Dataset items
-------

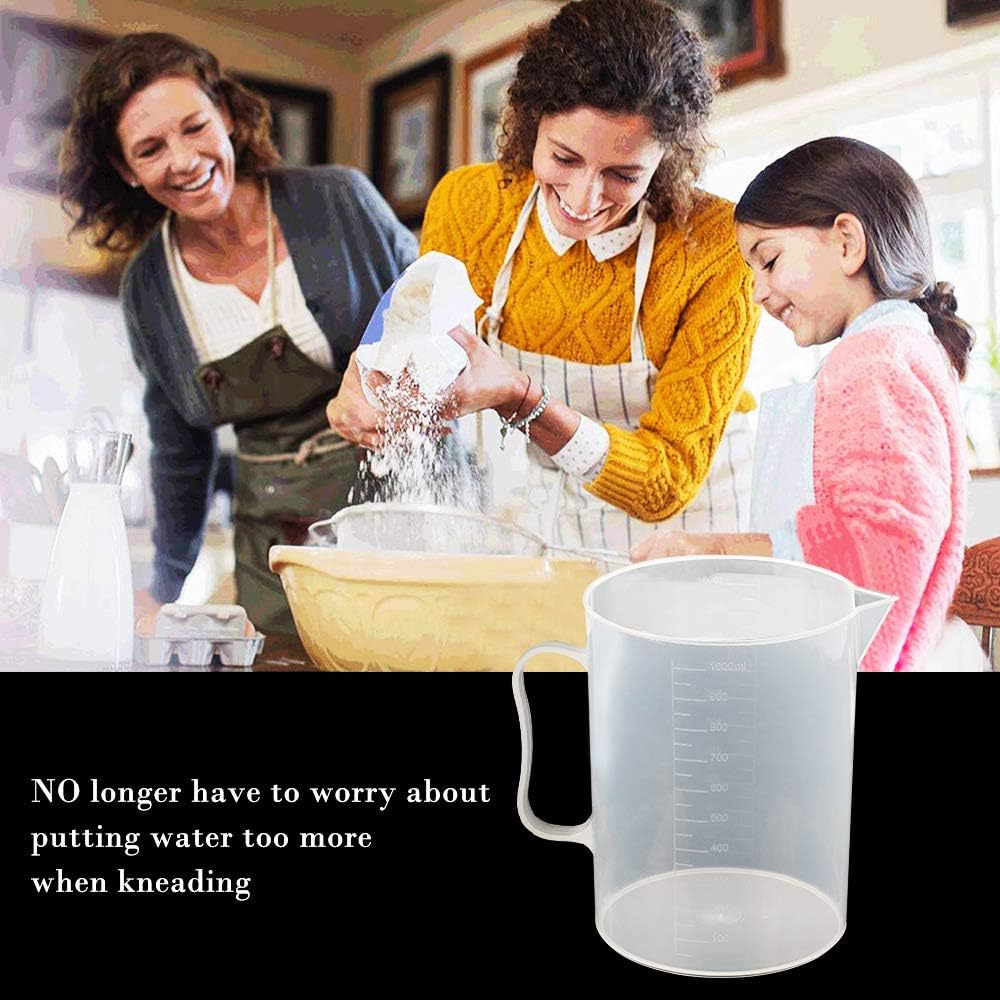 Surflyee Plastic Measuring Jugs Set, 3-Piece, Transparent, 250ml, 500ml, 1000ml, Heat-Resistant, BPA-Free, Kitchen Measuring Jugs - Image 4
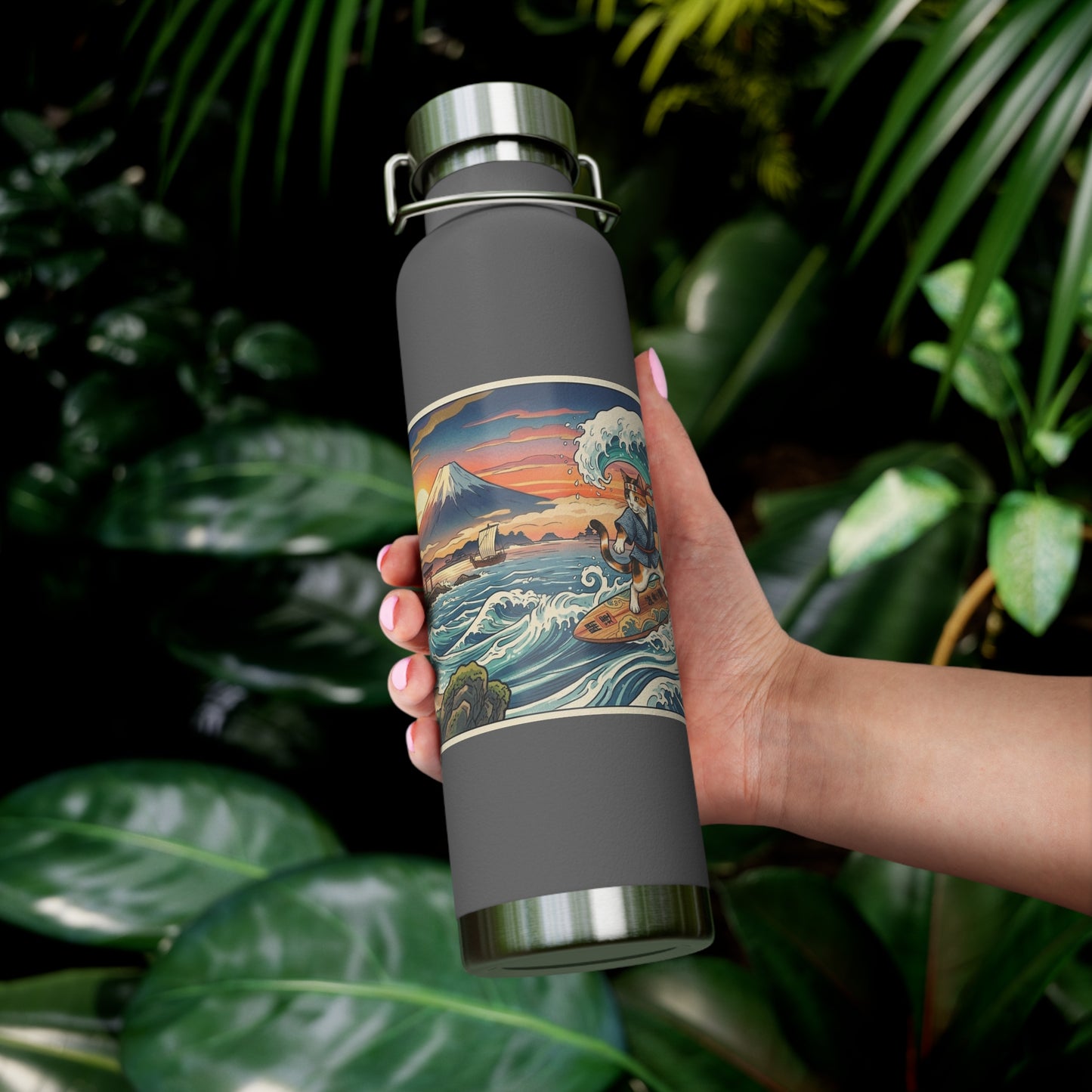 NekoPunch Original | 22oz Sunset & wave Mt. Fuji Surf Insulated Water Bottle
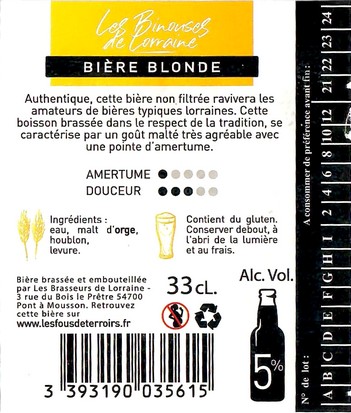 Etiquette BRASSERIE BRASSEURS DE LORRAINE 25B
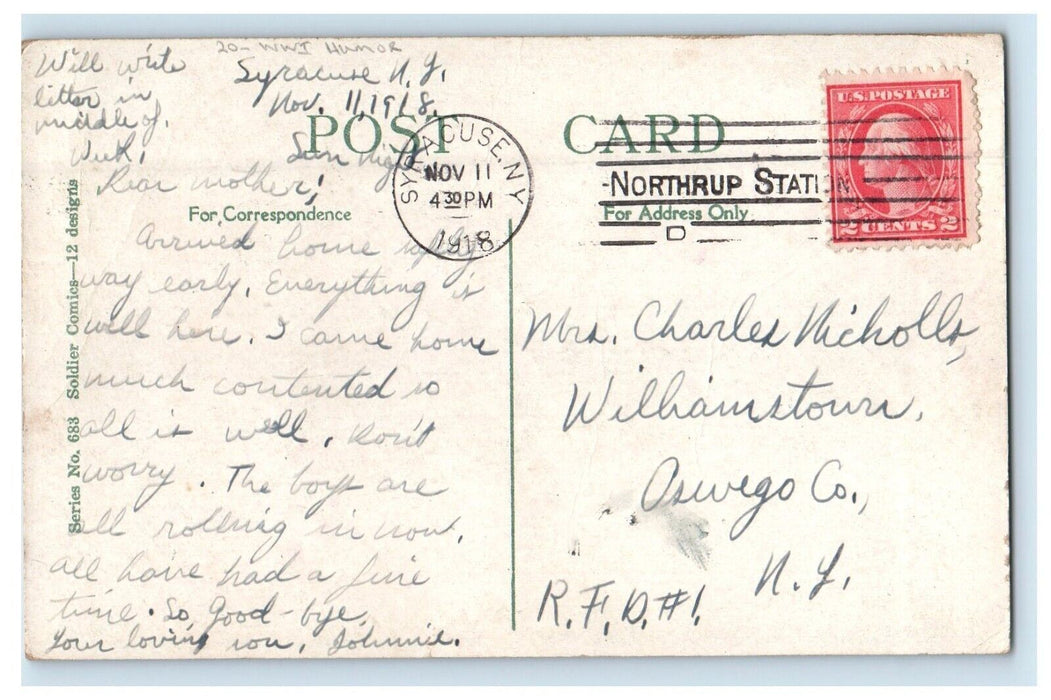 1918 Soldier Letter Girl Purse Bag WWI Humor Syracuse NY Posted Antique Postcard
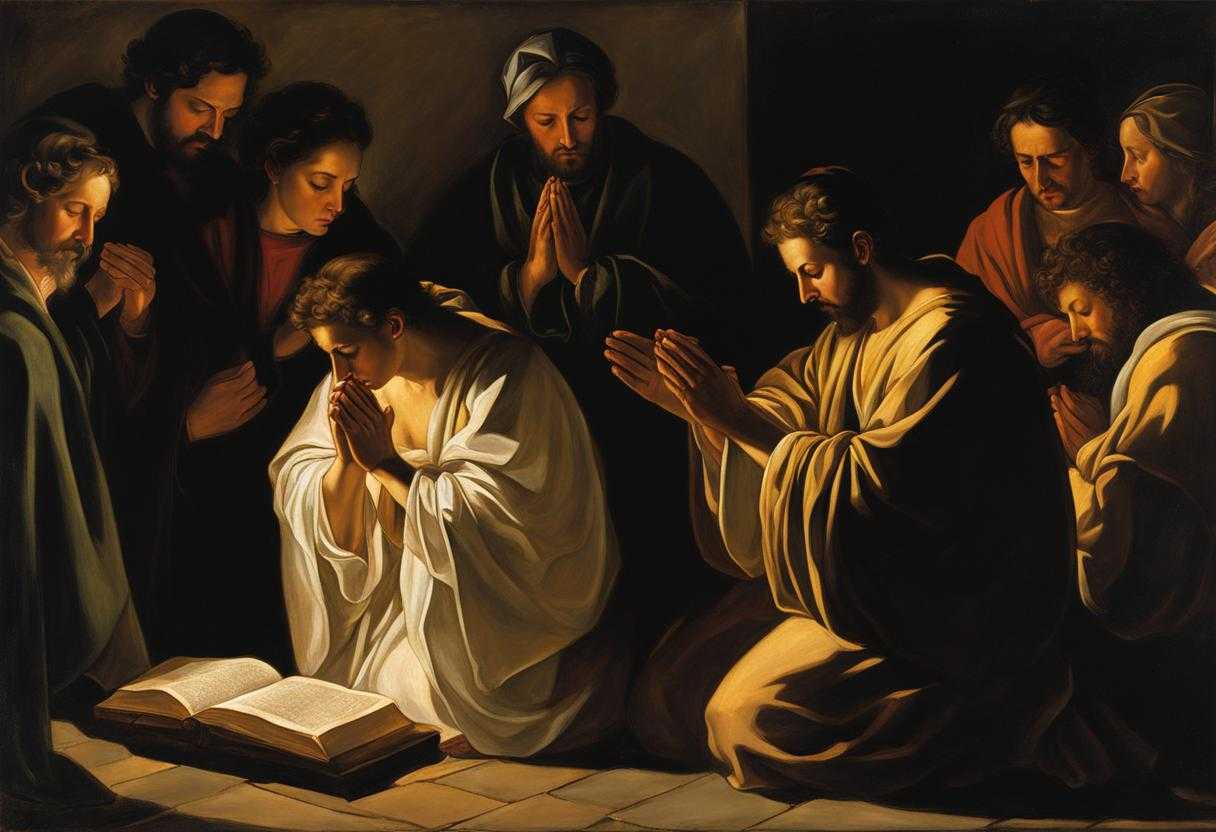 individuals-praying-group-of-individuals-heads-bowed-in-prayer-faces-illuminated-by-candlelight-
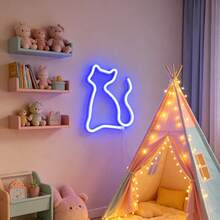 1pc Cat Neon Wall Decor Hanging Light, Battery & USB Powered, Romantic Fairy Light For Home, Holiday, Party, Birthday Theme Scene Atmosphere, Bedroom Room Decoration - Cat Neon Sign - View 11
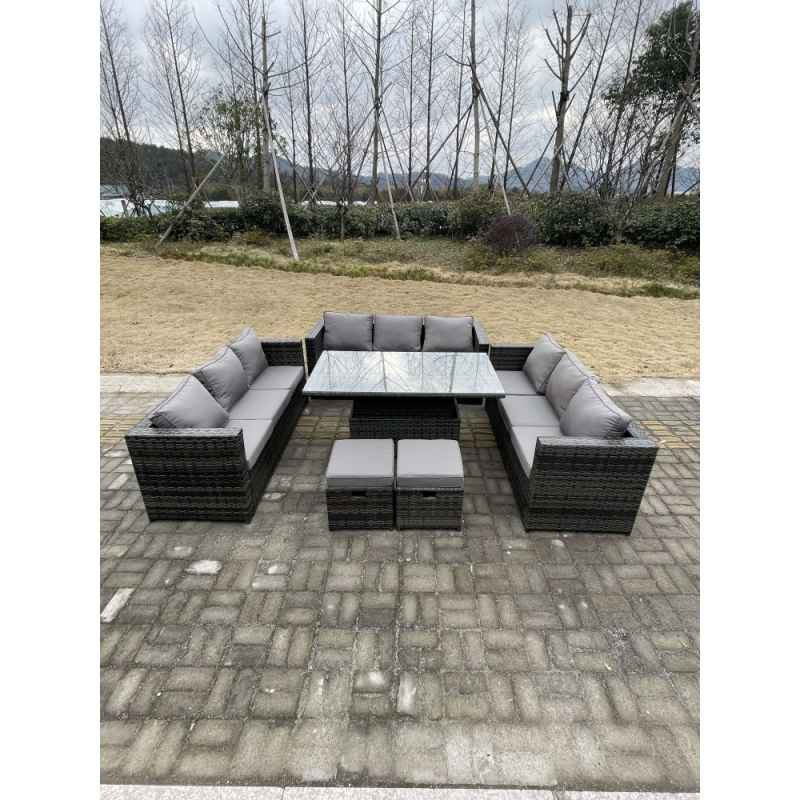 Fimous U Shape?Outdoor Rattan Garden Furniture Sofa Set Lounge Adjustable Rising Lifting Tables Footstool Dark Grey Mixed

-------

- **TASK DIRECTIONS**
Only the text of the records belongs in your answer, copied exactly as it appears above.

- **RESPONSE**
 Surflyee Plastic Measuring Jugs Set, 3-Piece, Transparent, 250ml, 500ml, 1000ml, Heat-Resistant, BPA-Free, Kitchen Measuring Jugs - Image 4
 NekoPunch Original | 22oz Sunset & wave Mt. Fuji Surf Insulated Water Bottle
 Etiquette BRASSERIE BRASSEURS DE LORRAINE 25B
 1918 Soldier Letter Girl Purse Bag WWI Humor Syracuse NY Posted Antique Postcard
 individuals-praying-group-of-individuals-heads-bowed-in-prayer-faces-illuminated-by-candlelight-
 1pc Cat Neon Wall Decor Hanging Light, Battery & USB Powered, Romantic Fairy Light For Home, Holiday, Party, Birthday Theme Scene Atmosphere, Bedroom Room Decoration - Cat Neon Sign - View 11
 Fimous U Shape?Outdoor Rattan Garden Furniture Sofa Set Lounge Adjustable Rising Lifting Tables Footstool Dark Grey Mixed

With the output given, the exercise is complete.